Tangled Mess

Once upon a time our software was simple. All it needed to go online was a database, a user interface, and some glue code running behind a web server farm between them. Most of the business-critical data remained in the database. People rented space in colocation centers and purchased servers to run their databases and code. Those co-location centers were not reliable, and your business could go down due to power or cooling failure. The servers were also not reliable, and you could lose data due to disk failures. A cable failure may shut down the network for hours or days. To avoid such booboos, IT teams rented space in secondary co-location centers, purchased servers and expensive replication systems to replicate data to those secondary sites, and took steps to bring down the secondary sites in the event of disasters.

Businesses were concerned about doing business with other companies whose infrastructure failure could harm them. So legal people got involved to add contractual language to their agreements. Those clauses required their vendors to implement disaster recovery policies. In some cases, those contracts also require declaring procedures for recovering critical systems at the secondary site, testing them once or twice a year, and sharing the results. Since violations of such contracts can lead to termination of business agreements, companies have hired compliance professionals to draft rules for their technical teams to follow. Tech teams reluctantly followed those rules to ensure that their backups and replication were working and that they could bring the most critical systems to secondary co-location centers. Paying such a disaster recovery tax was justified because the infrastructure was unreliable.

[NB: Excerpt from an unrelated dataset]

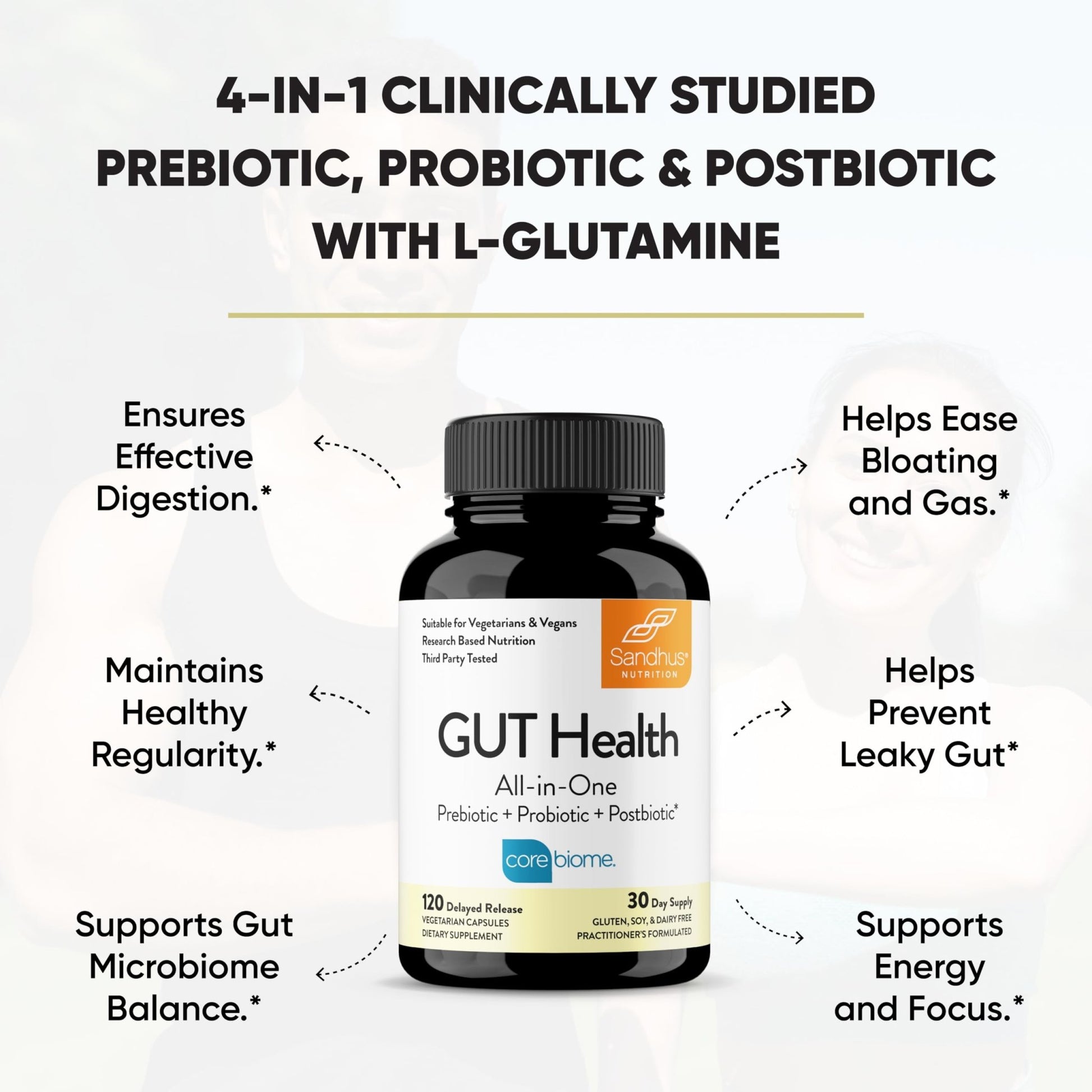 Sandhu's Gut Health - Prebiotic, Probiotic, Postbiotic & L-Glutamine | Digestive Health, Colon, Probiotic Total Supplements | 120 Delayed Release Capsules - dailyvitalstore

It was fine until it got cloudy. Cloud providers began providing a variety of infrastructure services for building software. Open source gives us even more flexibility to introduce new software architecture patterns. As engineers, we liked that option and started pushing for it, adopting whatever cloud companies started offering it. Of course, this option gave us tremendous speed benefits without requiring years of engineering investment to build complex distributed systems. Those services also began offering greater fault tolerance and availability than most enterprises. To take advantage of that flexibility it became necessary to move systems from on-premises to the cloud. Many people have built their careers around cloud transformation, and this continues to be the case.

For a while, cloud services were bad. It is up to customers to keep their business running even when the cloud provider’s systems are down. It seemed sensible to work around those problems and build redundancy in another cloud region. Many people tried that pattern. Some, like Netflix, succeeded, or at least are known to be successful; I don’t know if that is still the case today. Many people have had partial success running some stateless parts of the business from multiple cloud regions.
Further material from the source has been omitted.